● Problem statement
Return an exact copy of the data, starting at its first line and ending at the line that contains "Fashion designer Marcus", minus any pictures.

● Material for the task
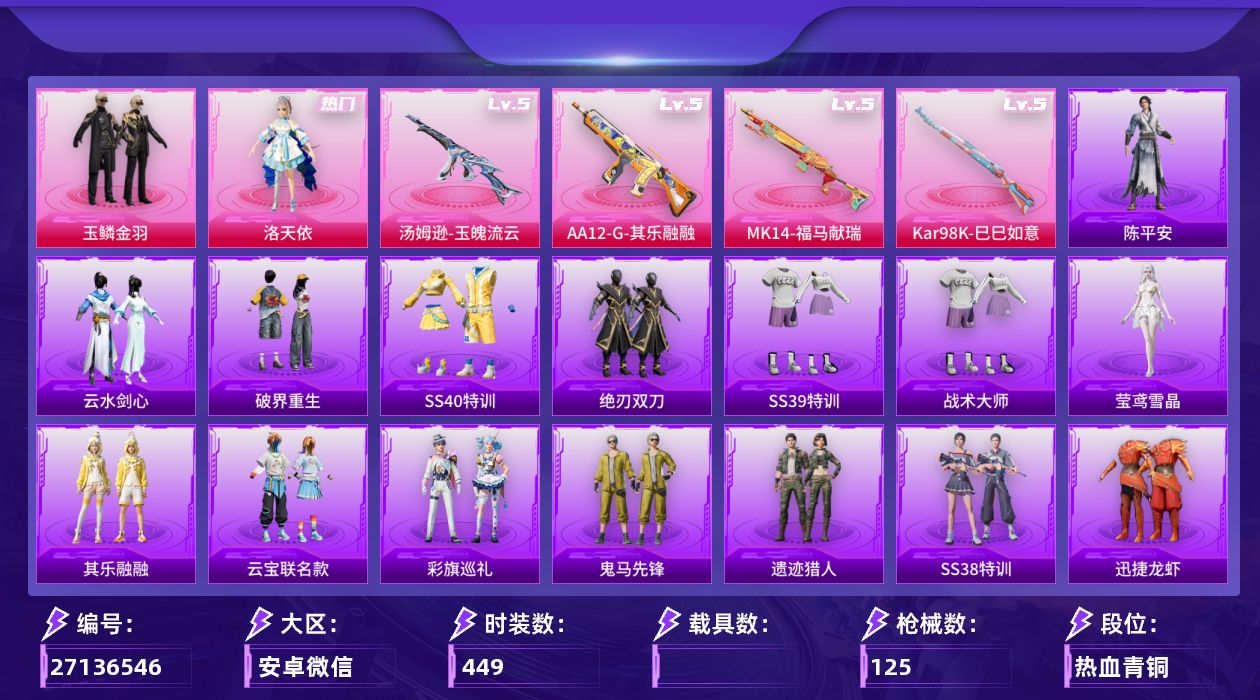 和平精英账号安卓微信[27136546]安卓微信-历史最高段位：卓越王牌7星-2粉装-4特效枪-2粉色飞行器-38712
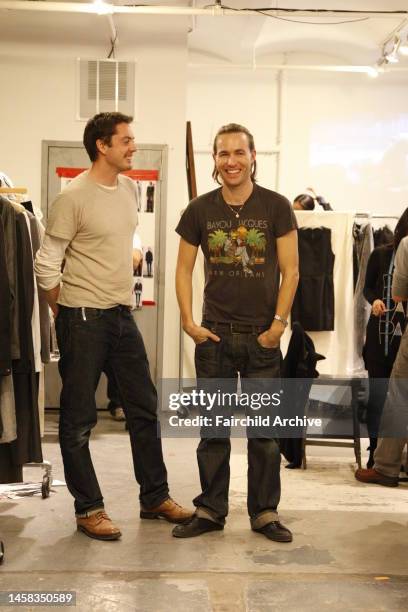 Fashion designer Marcus Wainwright and David Neville prepare their Rag & Bone fall 2009 collection.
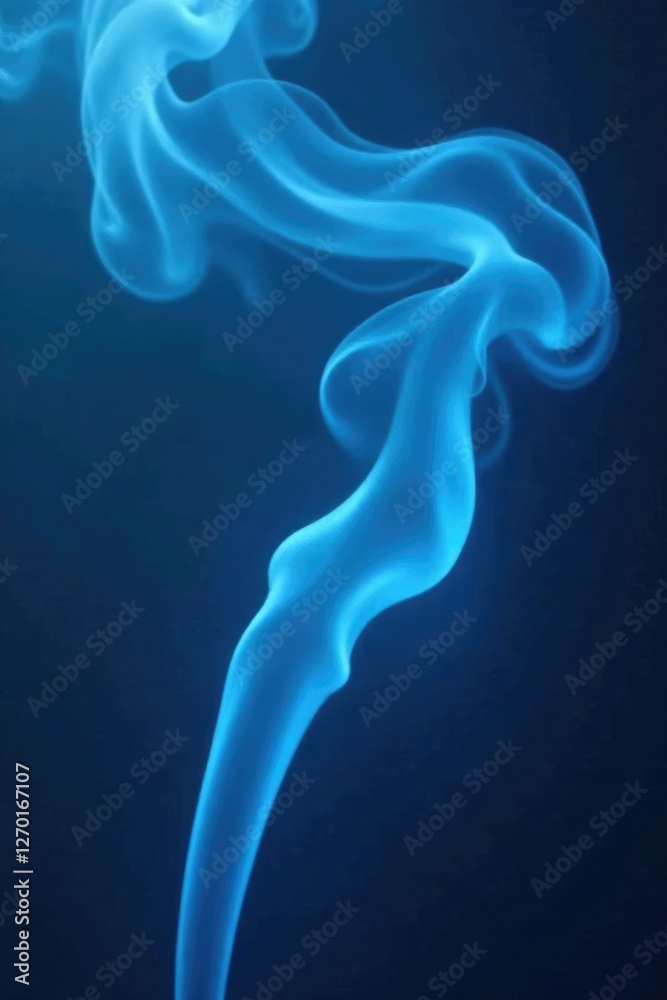 Ethereal blue smoke curls around mysterious dark void, fog, smoke, abstract art Ethereal blue smoke curls around mysterious dark void, fog, smoke, abstract art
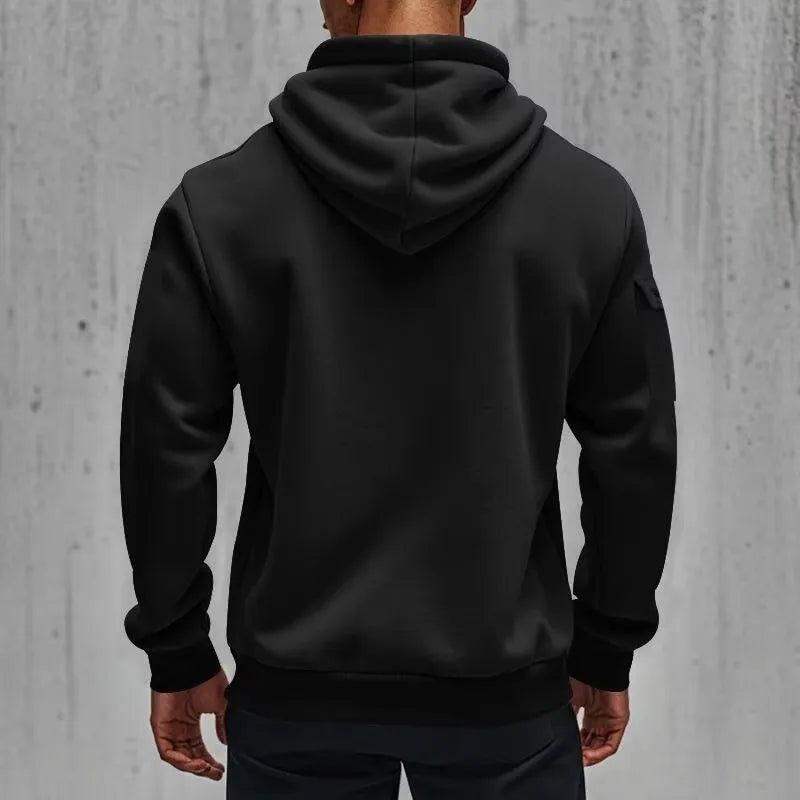 Men's Fashion Casual Hoodie Multi-pocket Sports Long-sleeve Sweatshirt Up Down Print Warm Half Zip Hooded Fitness Pullover Go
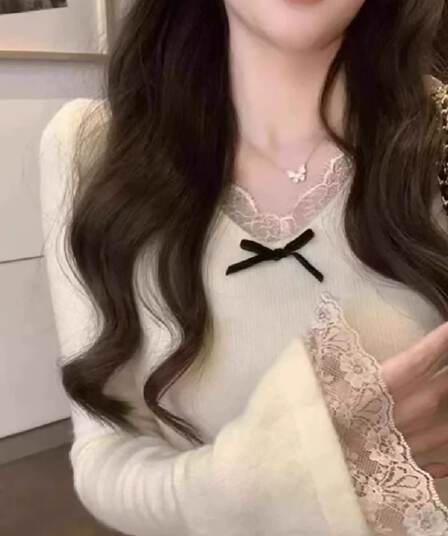 순수한 욕망 바람 나비 매듭 레이스 조각 긴팔 티셔츠 여성 가을 겨울 몸매 가꾸기 인사이드 가져 가라. 기본 셔츠 연삭 털 맨위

● Result for this task
 和平精英账号安卓微信[27136546]安卓微信-历史最高段位：卓越王牌7星-2粉装-4特效枪-2粉色飞行器-38712
 Fashion designer Marcus Wainwright and David Neville prepare their Rag & Bone fall 2009 collection.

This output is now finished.